Hard-up producers replace wheatfields and vineyards with a more lucrative, drought-resistant crop
They’re calling it green gold, the cash crop that could rescue one of Spain’s poorest regions from decline and depopulation as farmers plough up wheatfields and vineyards and replant them with pistachios.
With farmers earning between 65 and 85 cents for each kilo of olives they produce, and around 65 cents for grapes, pistachios, which fetch €6-8 a kilo, are in a different league.
“I used to farm cereals, olives and vines but I’ve abandoned them all in order to grow pistachios,” says Gustavo Adolfo Gálvez, who has a pistachio plantation near Toledo in Castilla-La Mancha in central Spain.
“[They are] a lot more profitable and cheap to produce, and it’s meant a lot more farmers can survive.”
In 1986, the Castilla-La Mancha regional government set up a research project to look for alternative crops its farmers could grow, says José Francisco Couceiro López of the regional institute for agricultural research and development.
“We spent the next 10 years researching alternative crops to the three or four that are already grown here,” Couceiro López says. “Once we moved from theory to practice, we discarded practically all the options aside from pistachio. The pistachio almost magically suits the climate in Castilla-La Mancha. It can withstand the heat and the cold, and it can thrive in poor, shallow soil.”
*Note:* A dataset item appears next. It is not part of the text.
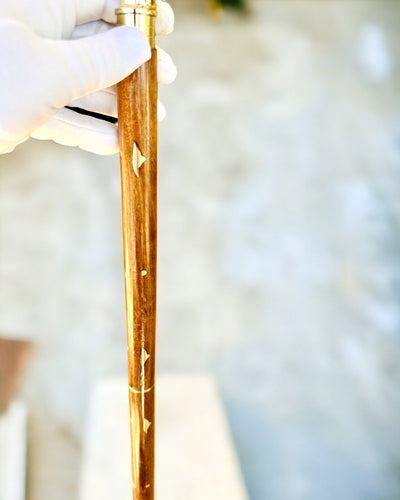 Laska Spacerowa Wolf - Madeira de Manga Indiana com Possibilidade de Gravação, castanho com adornos dourados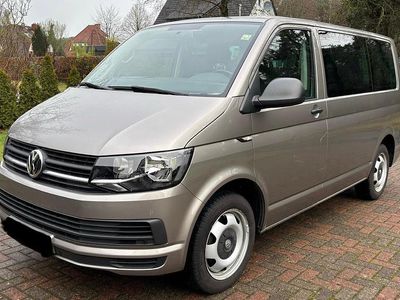 Gebraucht VW Multivan 150 PS (110 kW) 2017 Grau Van / Kleinbus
The next stage, he says, was to educate farmers through a series of courses and open days. In 2013, Couceiro López co-wrote a book on pistachio growing that has become a bestseller in Spain and Latin America. “The biggest handicap is that farmers who plant pistachios have to wait at least seven years before their first decent harvest,” he says, though clearly many are convinced it’s worth the wait, especially as demand continues to outstrip supply.
Last year, Spain harvested 2,800 tonnes of pistachios from 70,000 hectares (173,000 acres), nearly all in La Mancha, but it’s still a newcomer in a market dominated by California, Iran and Turkey, which between them account for nearly 90% of world production.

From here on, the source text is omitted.